Law Council calls for mandatory sentencing to be dropped for alcohol-related offences on 25th anniversary of Aboriginal Deaths in Custody Royal Commission

Law Council calls for mandatory sentencing to be dropped for alcohol-related offences on 25th anniversary of Aboriginal Deaths in Custody Royal Commission

The Law Council of Australia will tell a Senate inquiry into the need for a nationally-consistent approach to alcohol-fuelled violence today that mandatory minimum penalties for alcohol-fuelled violence offences should be repealed.

The peak body for Australian lawyers emphasised that mandatory sentencing is not effective as a deterrent or consistent with rule of law principles. Alternate approaches could, for example, include tougher maximum sentences, targeted diversion or justice reinvestment.

However the Law Council’s president, Stuart Clark AM, said the capacity of judges to exercise discretion was critical and cited the recent case of an Irish tourist who punched his brother in Sydney as an example of the danger ‘one-size-fits-all’ nature of mandatory sentencing.

“This case serves as a salient wake-up call for the perverse outcomes mandatory sentencing can create,” Mr Clark said.

“If Barry Lyttle had been just a little more intoxicated and if his brother had died in hospital, we would have seen an automatic sentence of eight years in prison. How would such an outcome have served the community?
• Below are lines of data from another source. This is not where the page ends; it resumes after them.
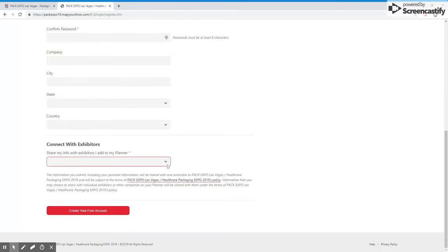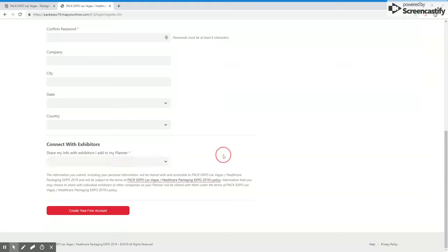The last option is whether to allow you to share or not share your information with exhibitors as you add them to your planner for the show. If you want to share your information with exhibitors, click yes. If you do not, click no.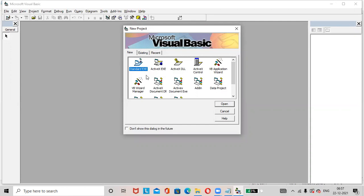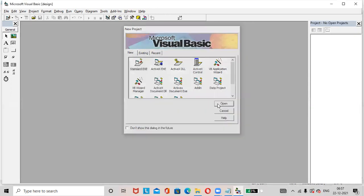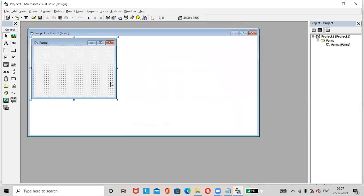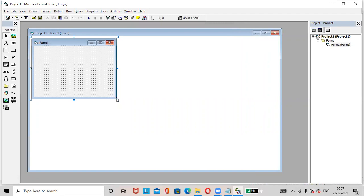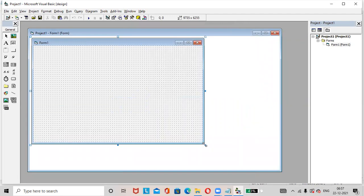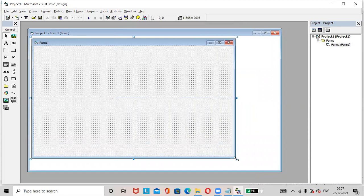Standard EXE. Click on open button. Form one is opened. Let us design the form.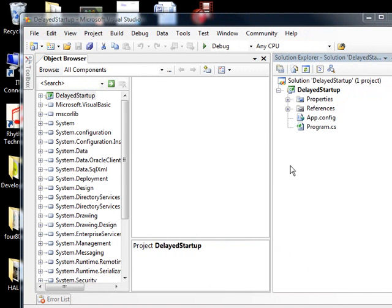We have a cool source project here, and the project allows you to have delayed startup. I don't know about you, but I have a lot of things in my startup group, and so my applications and the system actually takes quite a while to get going.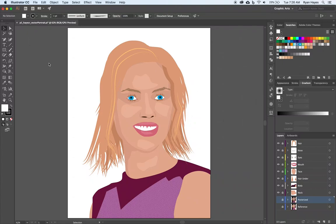All right, here we are at the end of the vector portrait project. Hopefully you're proud of what you've accomplished. What we need to do now is create a simple background. You spent all this time making this cool portrait, so we want a simple background that's not going to distract from the portrait itself. Remember, the portrait is the centerpiece, so you don't want an elaborate, crazy background distracting from it.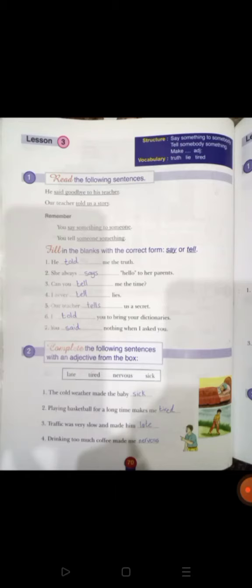Remember — تذكر: You say something to someone، أقول شيء لشخص. You tell someone something، تخبر شخص بشيء. الآن Fill in the blanks with the correct form of say or tell. عندي سبع جمل، بدي أكمل الفراغات باستخدام say أو tell، مع تعديل الفعل حسب الزمن.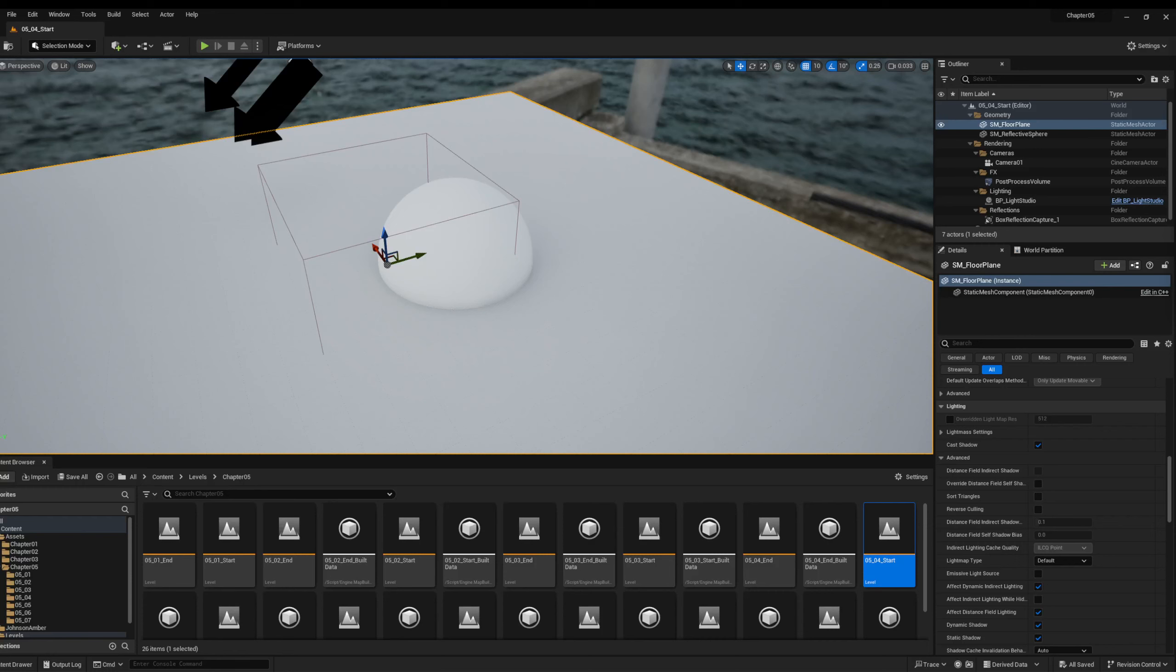In this video, we're going to continue on with chapter five and probably one of the more fun materials we're going to be making where we're going to make a material that its relationship, this plane in relationship with this ball is going to change how that material looks.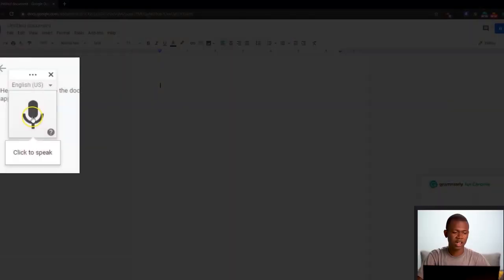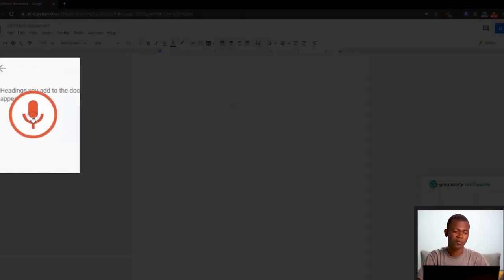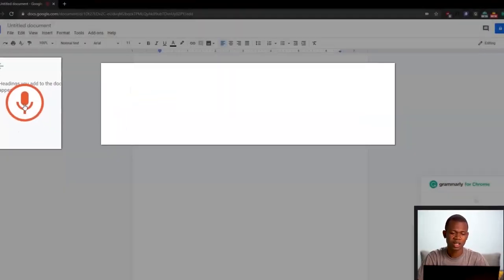Hey guys, this is Eshmael Lamte. So you remember the video I made about how to transcribe your videos and audios using the Google Docs voice typing feature? Well, today's video I'm going to tell you about an app which allows you to do the same thing but in a more efficient and effective way.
“Mandatory sentencing undermines central principles of our justice system. It can actually create greater law and order problems, because we know that imprisonment can increase the chances of an individual engaging in more serious criminal acts down the track.

“Opposing mandatory sentencing does not mean being ‘soft on crime.’ Harsher maximum sentences can be introduced, but allowing judges room to examine the unique circumstances of a case is vital. Exercising judgement is what judges are there for.”

Mr Clark also noted that mandatory sentencing for alcohol-related offences — as well as more broadly — was having a devastating effect on Australia’s Indigenous imprisonment crisis.

“It is 25 years to the day since the Royal Commission into Aboriginal Deaths in Custody shocked the nation with its findings and things are now much, much worse,” Mr Clark said.

“Whereas Indigenous Australians were seven times more likely to find themselves behind bars than their fellow citizens in 1991, today they are 14 times more likely. We have to open our eyes to the effect mandatory sentencing is having on this shameful national crisis.

“COAG should work toward a national agreement on alcohol-fuelled violence; and needs to establish a new National Indigenous Law and Justice Framework, setting out and funding an effective intergovernmental response to Indigenous crime and imprisonment.

“The rapid increase in prison rates since the 25th Anniversary of the Royal Commission into Aboriginal Deaths in Custody requires urgent intergovernmental action, starting with removal of mandatory sentencing laws.”